Single by Sigur Rós

from the album Takk...
- Released: 16 August 2005 (first issue); 10 July 2006 (second issue);
- Genre: Post-rock
- Label: EMI
- Songwriters: Jón Þór Birgisson; Orri Páll Dýrason; Georg Hólm; Kjartan Sveinsson;
- Producer: Sigur Rós

Sigur Rós singles chronology
| "Glósóli" (2005) | "Sæglópur" (2005) | "Hoppípolla" (2005) |
| "Hoppípolla" (2005) | "Sæglópur" (2006) | "Hljómalind" (2007) |

Second Issue (2006)

Music video
- "Sæglópur" on YouTube

= Sæglópur =

"Sæglópur" (Icelandic for "lost at sea" or "lost seafarer") is a song by Sigur Rós, released in 2006 as a single from the 2005 album Takk.... Parts of the song are in Icelandic, although a lengthy portion is in Hopelandic, a "language" of nonsense words selected by the band that sound similar to Icelandic.

Professional ratings
Review scores
| Source | Rating |
| Pitchfork Media | (5.7/10) |

== Music video ==
The music video for the song track depicts the drowning of a young child, who is, towards the end of the video, rescued by a diver and, as in the "Glósóli" video, whether the child survives is left for the viewer to decide.

== Use of the song ==
A part of "Sæglópur" was used by video game developers Ubisoft Montreal, for their Prince of Persia trailer on the E3 2008 event in Los Angeles on 15 July 2008. The song has continued to be used by the company, appearing in the televised commercials for the game.
A clip of the song had also been used in an ad aimed at young people with eating disorders, running on Swedish television by Anorexi Bulimi-Kontakt. The ad was released in 2007.

Also, parts of this song have been used in the British car review television series Top Gear on numerous occasions.

Parts of the song were used in the trailer for Julie Taymor's film adaptation of Shakespeare's The Tempest.

The intro of this song is used in one of the Invisible Children Bracelet Campaign videos: "Roseline: The Story of an AIDS Victim." It can be heard during part of the documentary and as the DVD menu music.

Parts of the song are used in previews of Human Planet on Discovery Channel.

Parts of the song were used for the trailer of the second half of the first season of the Starz hit show, Outlander.

The song is used extensively in the documentary film We Live in Public and aides the climax of the scene in which the growing insanity of the participants inside the "Quiet" bunker experiment is explored.

The trailer for the film version of the Man Booker Prize-winning book Life of Pi features the song.
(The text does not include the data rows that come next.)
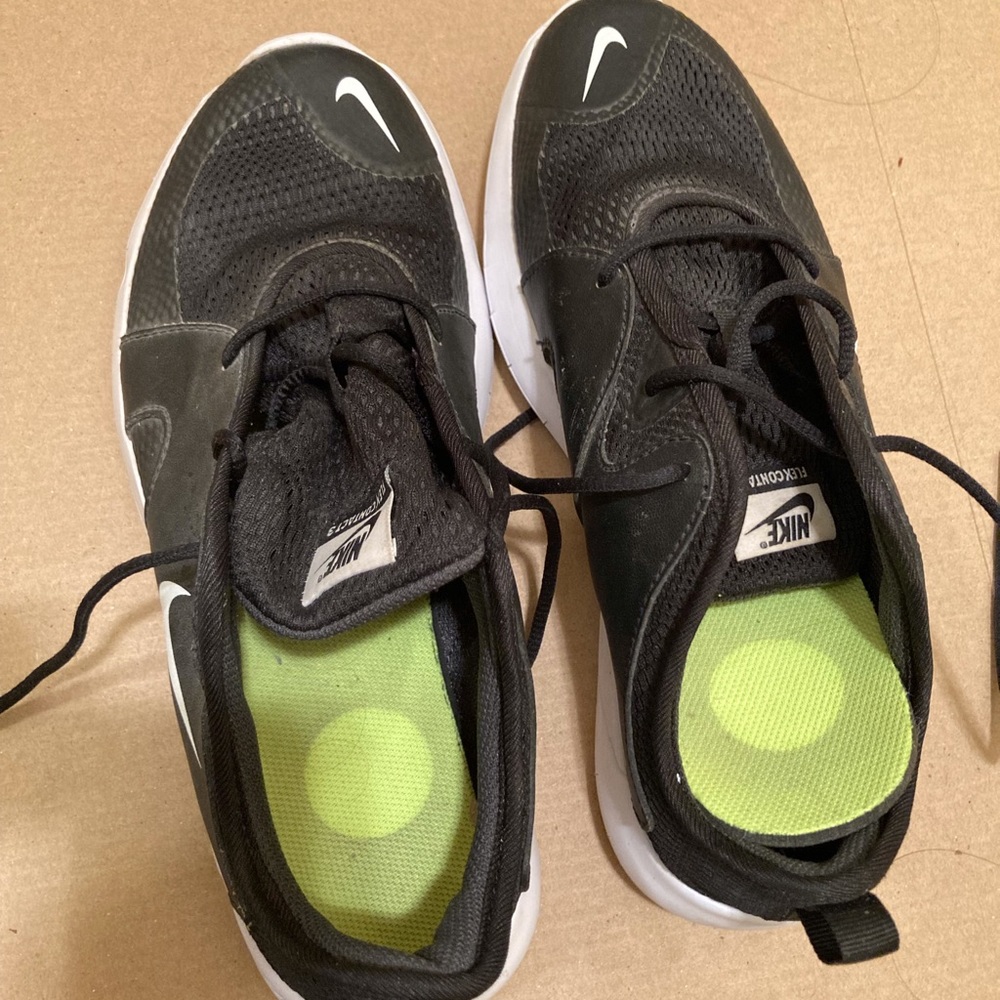 Boys Black Nike Runners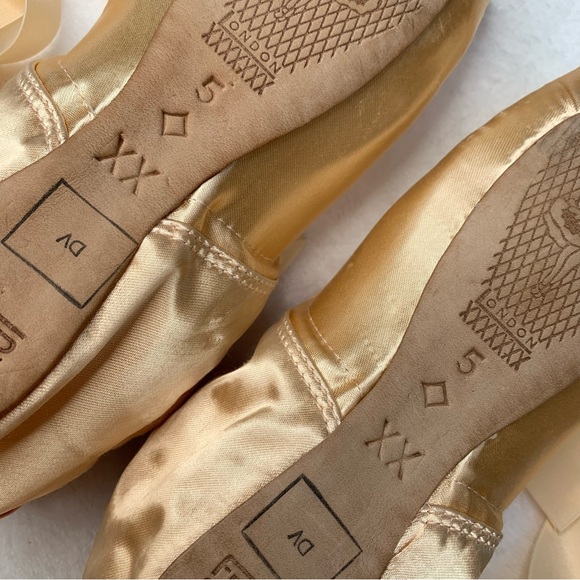 Freed of London Pointe Shoes Classic Deep Vamp SBTDV Diamond Maker Size 5XX - Picture 9 of 17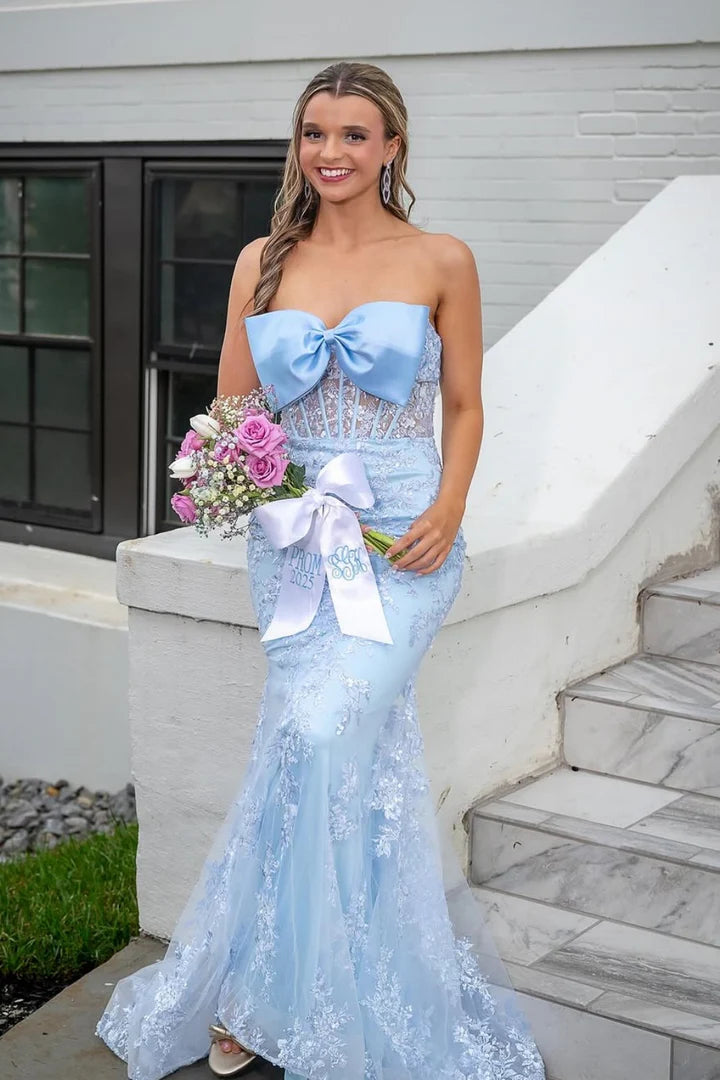 Charming Strapless Bow-Front Corset Lace Mermaid Prom Dress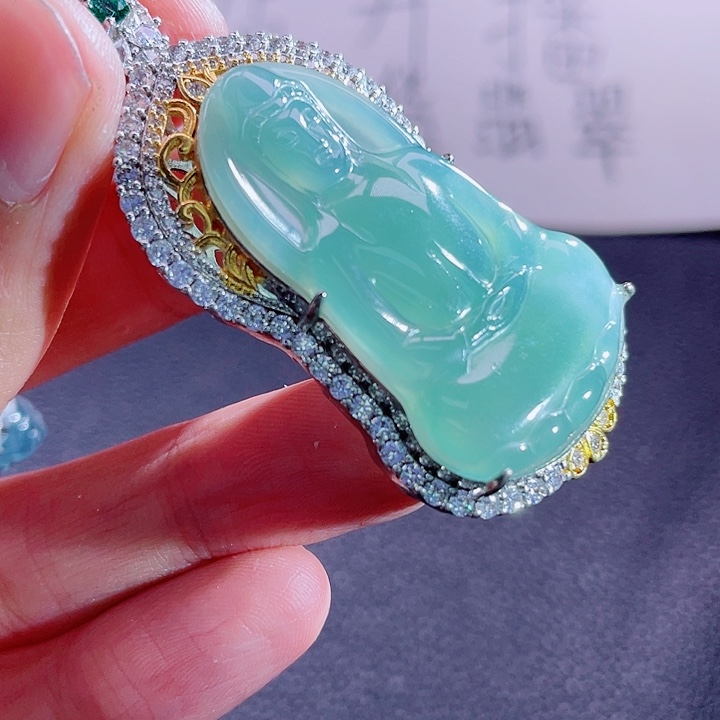 翡翠颈饰未镶嵌888888888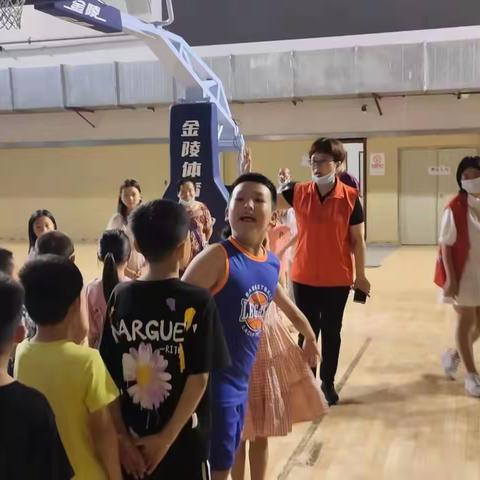我为群众办实事之长葛市体育发展中心党总支全力为体育馆受灾群众保驾护航
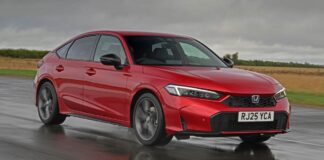 Honda Civic: хетчбек, який на першому місці ставить задоволення від водіння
This song was also featured in the final episode of Netflix's Sense8 Season 1 (2015) and in the last episode of New Amsterdam season 1 (2019).

The song is played in an early scene of the 2018 movie Aquaman.

The song is featured in a scene where Aquaman enters the ocean in Iceland in the 2021 release of Zack Snyder's Justice League.

== Release history ==
"Sæglópur" was released three times in different formats:

- Prior to the release of Takk... the song was made available as a download only single on the North-American iTunes store (2005). "Glósóli" was made available simultaneously on the European iTunes Store.
- Japan Tour EP (2006). An enhanced CD, containing the "Glósóli" and "Hoppípolla" videos.
- CD/DVD double pack single (2006). The DVD featured the "Glósóli", "Hoppípolla" and "Sæglópur" videos.

== Track listing ==
Japan Tour EP
1. "Sæglópur" ("Lost at sea") – 8:12
2. "Refur" ("Fox") – 2:45
3. "Ó friður" ("Oh Peace"; a word with a double meaning similar to Vonbrigði; in this case ó Friður means "Oh Peace" but ófriður means "War") – 4:48
4. "Kafari" ("Diver") – 6:11
5. "Hafsól" ("The ocean's sun") – 9:59

CD/DVD single
1. "Sæglópur" (8:12)
2. "Refur" (2:45)
3. "Ó friður" (4:48)
4. "Kafari" (6:11)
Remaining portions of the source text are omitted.